Start of THE INPUT

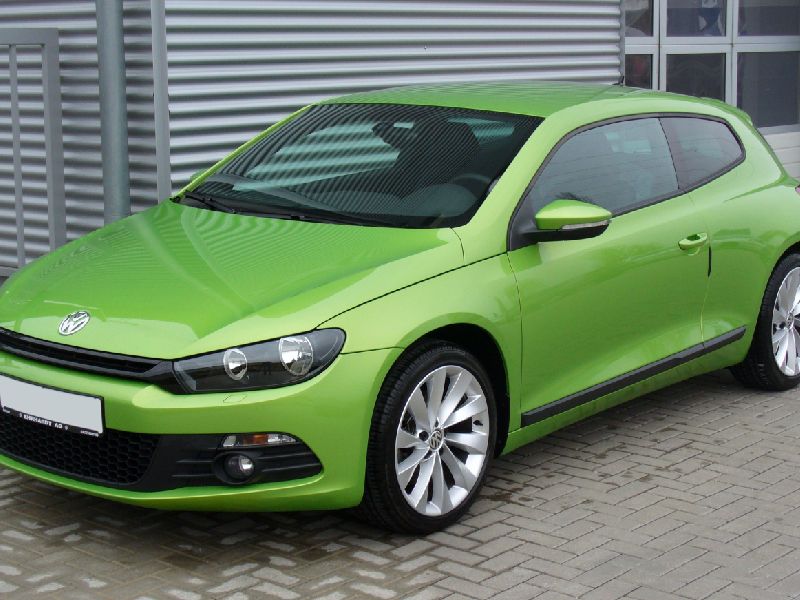 Volkswagen Scirocco III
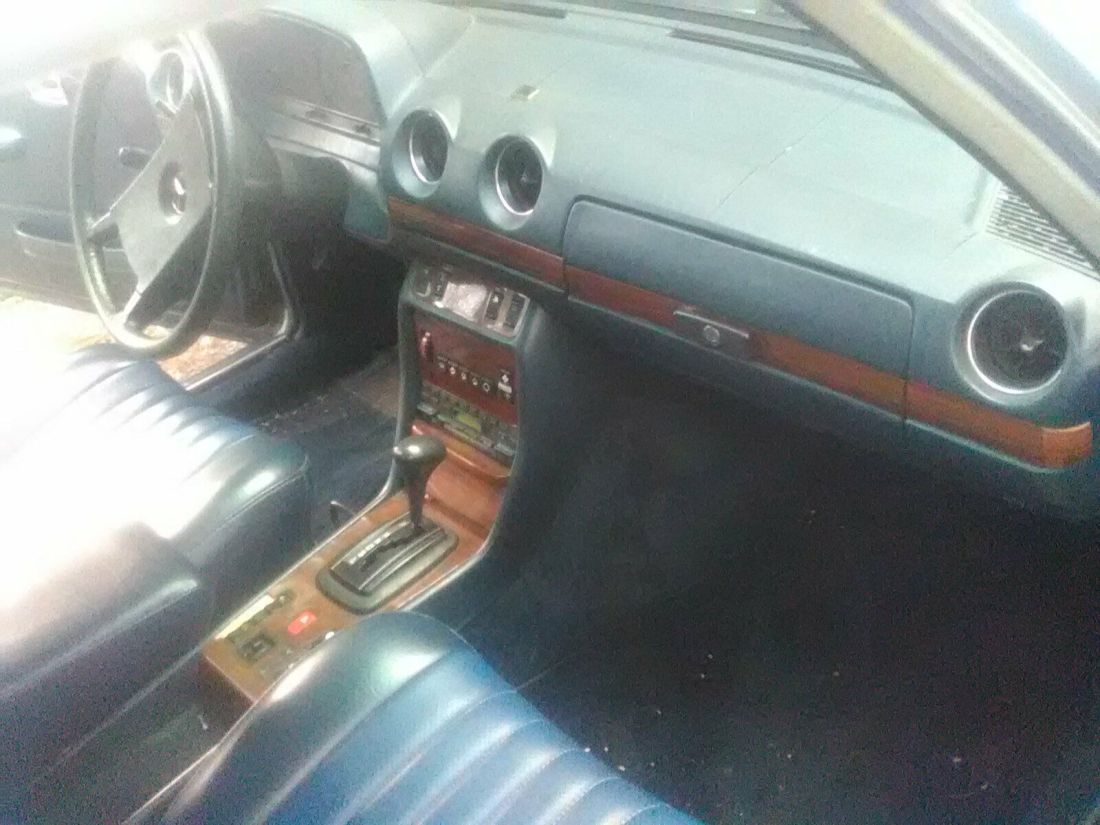 1985 Mercedes-Benz 300TD - photo 5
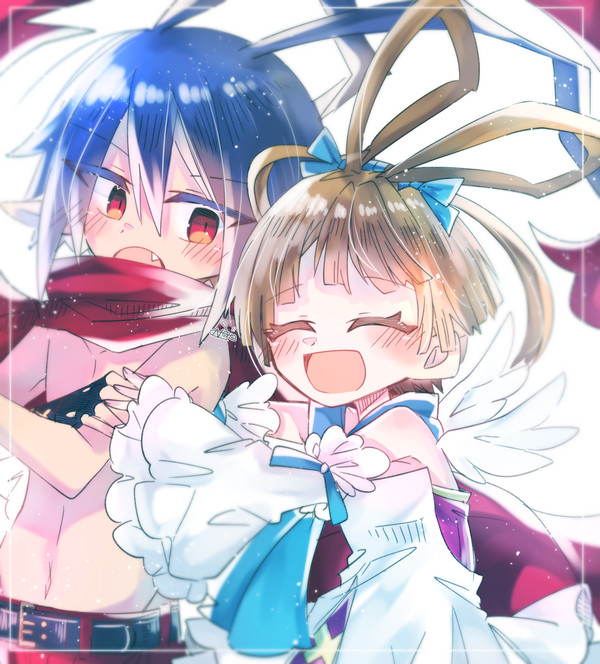 「お兄ちゃーーーん！」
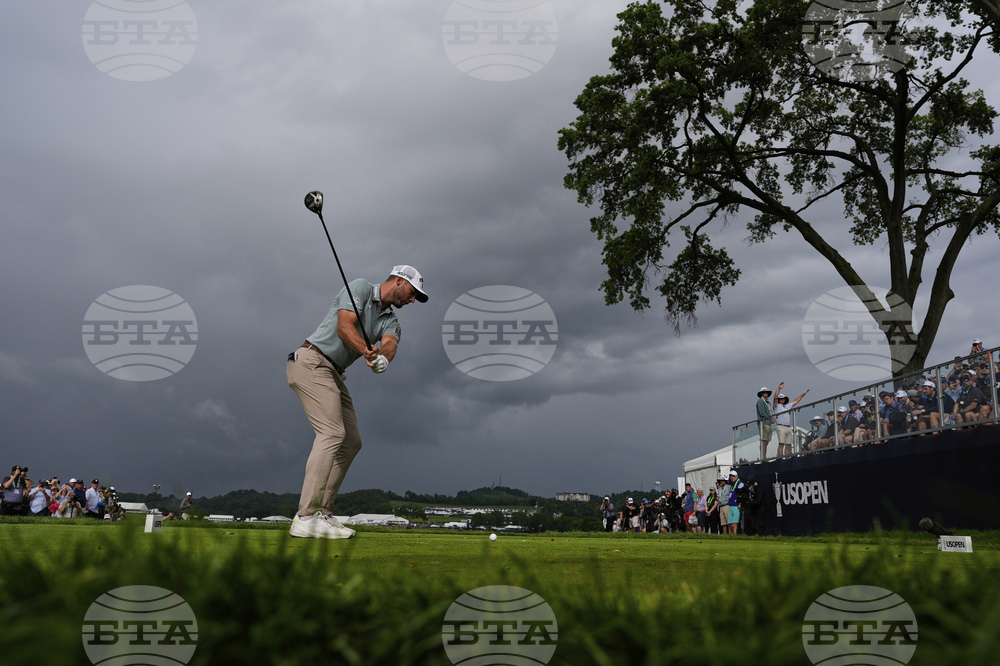 US Open Golf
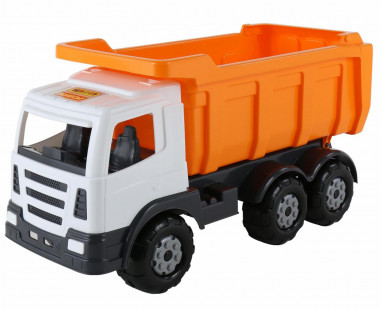 Большая машина Премиум, автомобиль дорожный — Полесье Россия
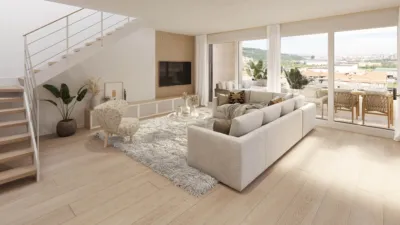 Promoción Plaza Bitarte 3, Calle Autonomia 9. Centro-Arizgoiti (Basauri)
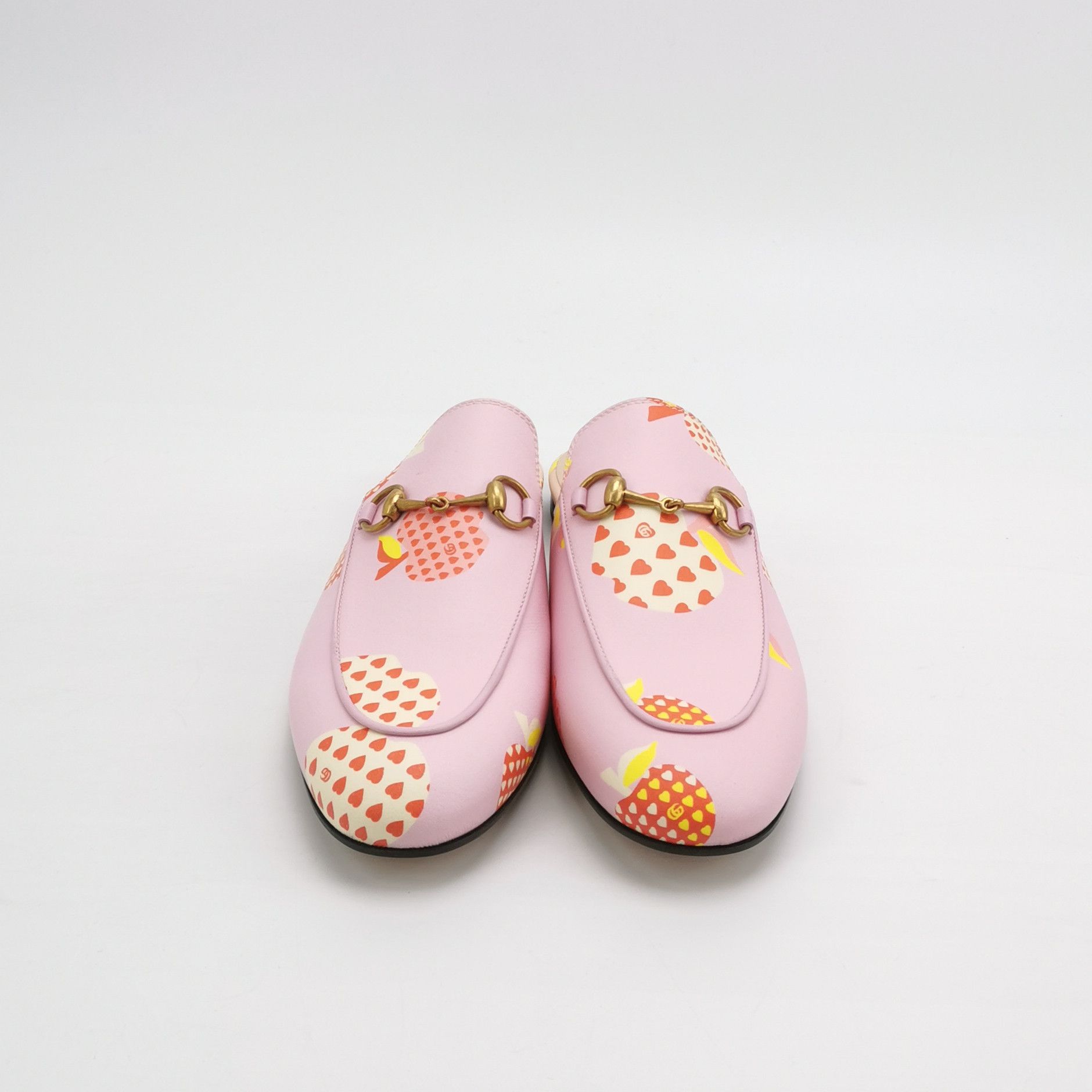 Gucci Gucci Women 8 Sandals Size US 8 / IT 38 - 3 Thumbnail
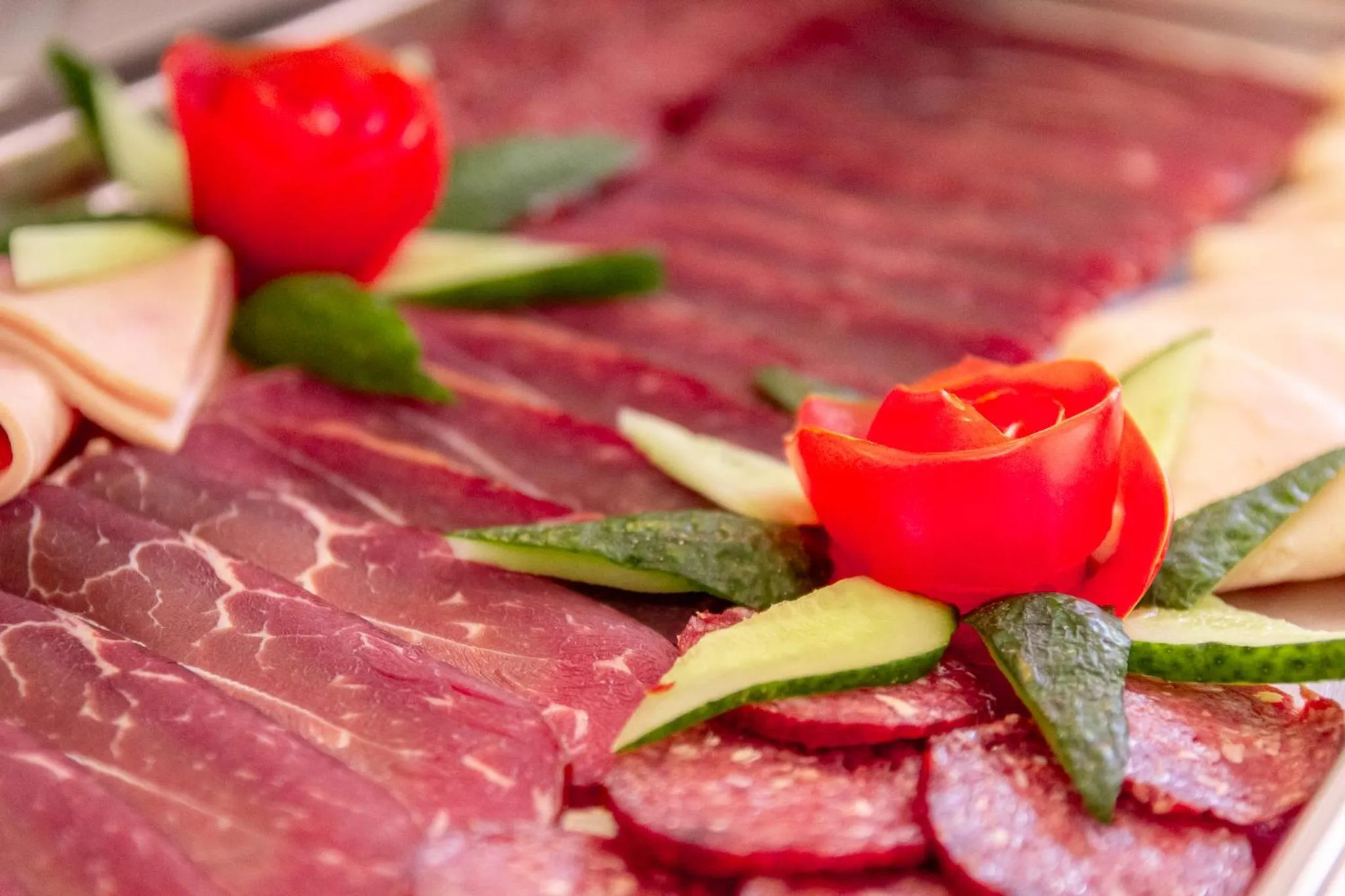 Breakfast in Hotel Art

End of THE INPUT

_WHAT THIS TASK INVOLVES_
Print, exactly and only, the lines running from the line with "Promoción Plaza Bitarte" through the last line of the data, including both. Skip any picture.

_ANSWER BOX_
 Promoción Plaza Bitarte 3, Calle Autonomia 9. Centro-Arizgoiti (Basauri)
 Gucci Gucci Women 8 Sandals Size US 8 / IT 38 - 3 Thumbnail
 Breakfast in Hotel Art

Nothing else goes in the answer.